Smart. Sharp. Funny. Fearless.
Friday, December 9, 2016

By James Rosen, McClatchy Washington Bureau

WASHINGTON — The CIA’s former top lawyer disputes Senate findings that the spy agency lied about its brutal interrogations of terrorists, insisting the tactics produced useful intelligence and flatly denying that the CIA misled the Bush administration, Congress and the American public.

At the same time, John Rizzo, who left the CIA as acting general counsel in 2009, said some CIA employees or contractors were overzealous in the use of the tactics but that the CIA informed lawyers at the Justice Department of the excesses.

Rizzo was responsible for helping to create the legal foundation for permitting waterboarding, extreme sleep deprivation and other aggressive methods he says were used on 30 people held at secret “black sites” around the world.

In his first extensive interview since McClatchy published the 20 key findings of the Senate Intelligence Committee report last week, Rizzo strongly denied the panel’s conclusion that the 10 so-called enhanced interrogation techniques, which he acknowledged were brutal, had failed to produce significant intelligence or to prevent more terrorist attacks.

“This program went on for six years,” Rizzo told McClatchy earlier this week. “And I watched daily — every night there was a meeting in those early years at 5 o’clock. It was chaired by the CIA director, George Tenet. And every night, during the course of those briefings, the career CIA analysts and operatives would sit there and recite the information that had been acquired from these detainees. I mean on a daily basis. I’m not an analyst or an operative, but I’m not stupid, and I sat there and listened to this relentlessly.”
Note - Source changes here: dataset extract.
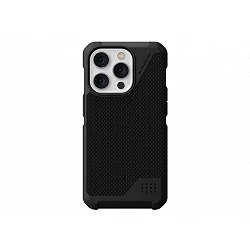 UAG Case for iPhone 14 Pro [6.1-in] - Metropolis LT for MagSafe Kevlar Black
Rizzo, who said he hadn’t seen the Senate report but only the published accounts of it, noted that some of the CIA officers and analysts providing updates on the interrogation sessions “were not generally enamored of the Bush administration” and thus weren’t inclined to exaggerate the interrogation program’s effectiveness.

“I was convinced that these techniques were yielding detailed, valuable information into terrorist plots,” Rizzo said. “Now was there ever a ticking time-bomb scenario? I don’t remember a particular (case of): ‘Tomorrow, LAX (airport) is going to blow up,’ but it was incremental and it was steady. And I became convinced just by listening to these career people that the program was yielding very, very valuable benefits.”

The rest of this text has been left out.